Aber diese neue Entwicklung des wissenschaftlichen Weltbildes, welches im alten wissenschaftlichen Denkrahmen entstand, trifft heute zum ersten Mal auf eine andere, tiefere Weltsicht, die das empirisch erreichte Bild des Kosmos radikal verändert.
Weder philosophische Analyse, noch religiöses Empfinden, sondern wissenschaftliches Denken beginnt Korrekturen einzubringen, um auf neue Weise Licht auf das wissenschaftliche Bild des Kosmos zu werfen, das lange dem menschlichen Leben fremd war.
Basierend auf Verallgemeinerungen und astrophysikalischen Theorien verändert sich dieses Bild unerwartet für die Zeitgenossen dank des Einflusses der tiefgehenden Revolution, die der Grundaufbau der Physik durchgemacht hat.

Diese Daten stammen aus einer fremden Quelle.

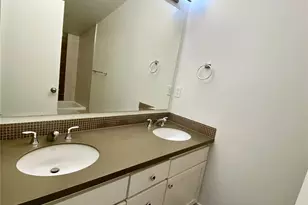 662 NE 40th St, Seattle, WA 98105 - Photo 4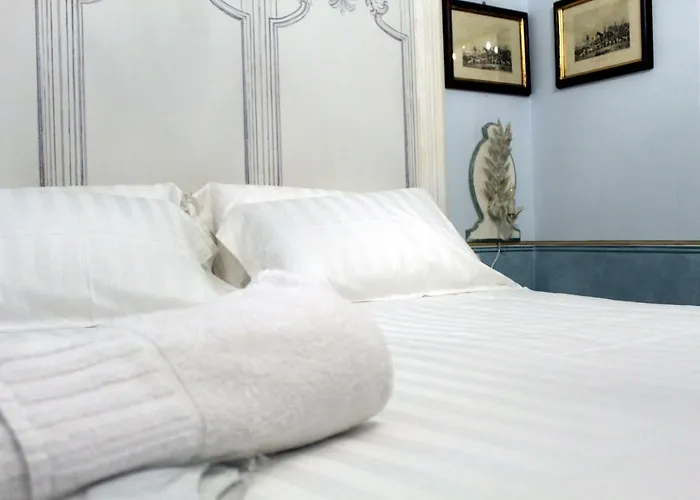 Les Royales サッサリ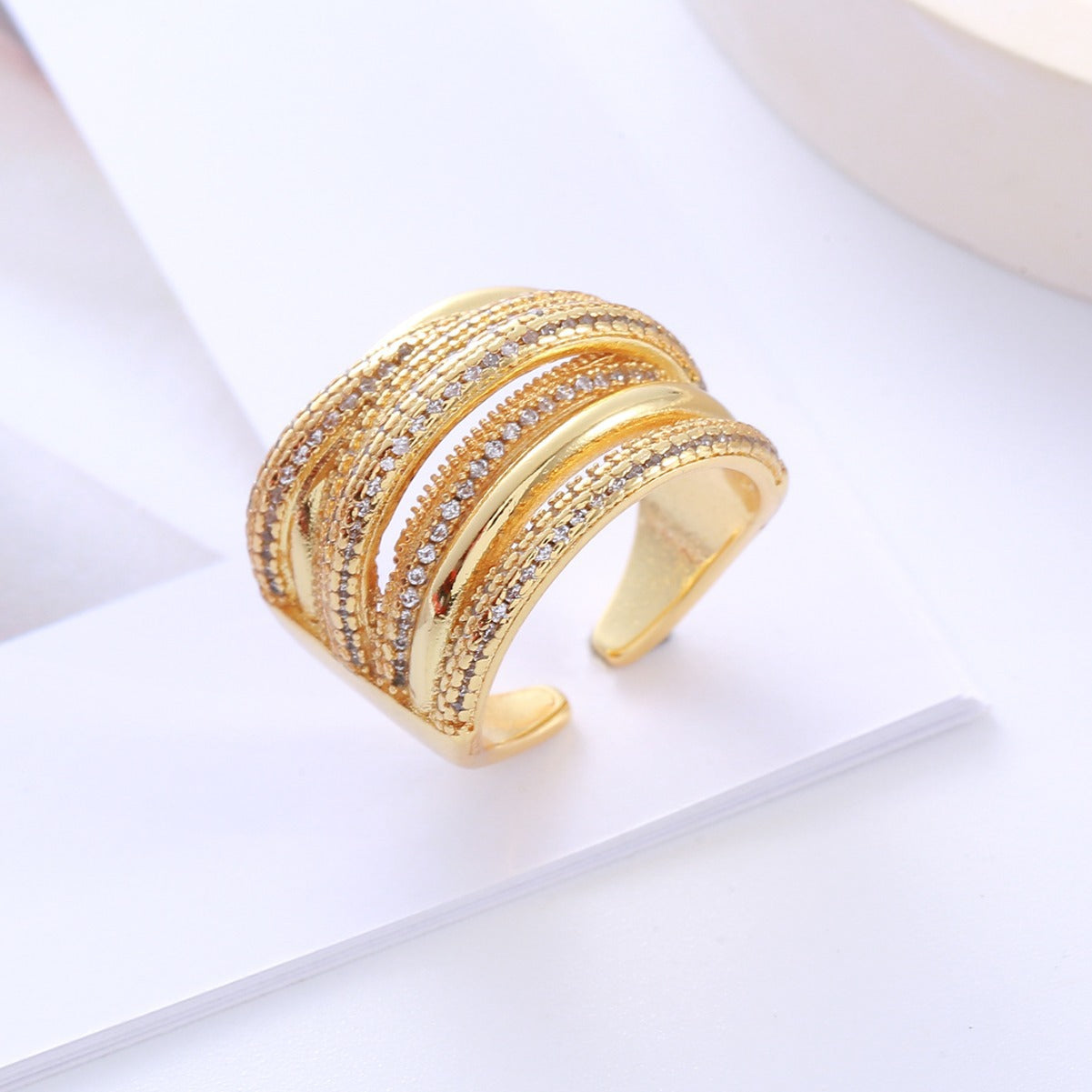 A personalized European and American green-eye snake-shaped micro-diamond ring, high-end retro clothing versatile multi-level ring manufacturer wholesale - Mixbatch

Etwas undeutlich Neues in der neuen wissenschaftlichen Struktur des Universums regt sich. Die brennenden Widersprüche, die seit Jahrhunderten bestehen, werden so in einen neuen Rahmen gestellt.
III. Bis jetzt konnte der Mensch die Widersprüche, die es zwischen seiner eigenen Weltsicht und der des wissenschaftlichen Bildes gab, nur lösen, indem er sich an die Philosophie und Religion wandte.
Über viele Jahrhunderte hinweg hat sich der Wissenschaftler nicht damit abgefunden, daß weder er noch alles Lebende – Bewußtsein, Denken, Verstand, alles, was für ihn das Höchste ist – in keiner Weise Einfluß auf das wissenschaftliche Bild des Kosmos nehmen konnte – es ließen sich keine Korrekturen im Aufbau des von der Wissenschaft erzeugten Kosmos vornehmen, außer indem man Anleihen in anderen geistigen Bereichen wie der Philosophie, der Religion und teilweise der Kunst machte.
Solange er auf dem Boden des wissenschaftlichen Konzeptes blieb, mußte er das lebensfremde wissenschaftliche Bild des Kosmos akzeptieren und die Bedeutung, die er stets im Leben dem Verstand und dem Bewußtsein – allem Lebenden, zu dem er selbst gehörte – gegeben hatte, als Fehler und Illusion behandeln.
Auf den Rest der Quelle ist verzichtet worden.